How User Tracking Devalues Ads

Facebook recently took out full-page ads in the New York Times, the Washington Post, and the Wall Street Journal attacking the way Apple protects its users' privacy. In the ad, they make the point that Apple harms Facebook's ability to track people who see Facebook's ads, and run personalized ads, which, according to Facebook, harms the effectiveness and thus the value of these ads.

This is kind of strange, if you think about it.

Why would Facebook take out a huge non-personalized ad to make the point that, for ads to really work, they need to be personalized? Why advertise in a newspaper if they think that personalized ads are so much more effective?

It's because the idea that personalization increases the value of ads is wrong. Personalization harms the value of ads, because it measures the value of ads based on a metric that doesn't really apply to most ads.

Personalized ads that use user tracking measure ads based on a direct causal relationship between users seeing an ad, and users acting on that ad by buying the product advertised in the ad. By that metric, the vast majority of ads just don't work. People don't see an ad for a product, and then buy that product immediately, or perhaps a few days later.

(In fact, every time scientists try to measure the effectiveness of advertising, it turns out to not be very effective at all.)

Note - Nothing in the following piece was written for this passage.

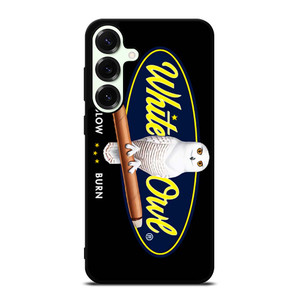 WHITE OWL CIGARS LOGO Samsung Galaxy S25 Plus Case Cover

Instead, the way ads work is that when people decide to buy a product, they will have more trust in products whose ads they see consistently, and whose products they associate with publications they trust. In other words, if you consistently see a car brand advertised in the New York Times, you will assume that this brand is trustworthy. When you decide to buy a new car, you will have a preference for that brand.

This doesn't just work for large publications and huge brands. If you see LTT consistently have sponsorships from Seasonic, you will be more likely to trust a Seasonic power supply for your next PC. If you see Kandji regularly sponsor Daring Fireball, you'll remember their name if you ever need the kind of product they offer.

But you will never see an ad for Mercedes on a website, and then just arbitrarily decide to buy a Mercedes based on having seen that ad. You will never see a Seasonic sponsorship, and just randomly decide to throw out your old power supply, and buy one from Seasonic. You'll never see a Kandji sponsorship, and just decide that you suddenly, urgently need their product. Thus, by the metric we value user-tracked ads, most of them have no value at all.

If Facebook wanted to increase the value of its ads, they would join Apple in fighting against user tracking, because in the end, it will increase the value of its ads. The less advertisers know about the direct causal effects their ads have, the higher they will value them.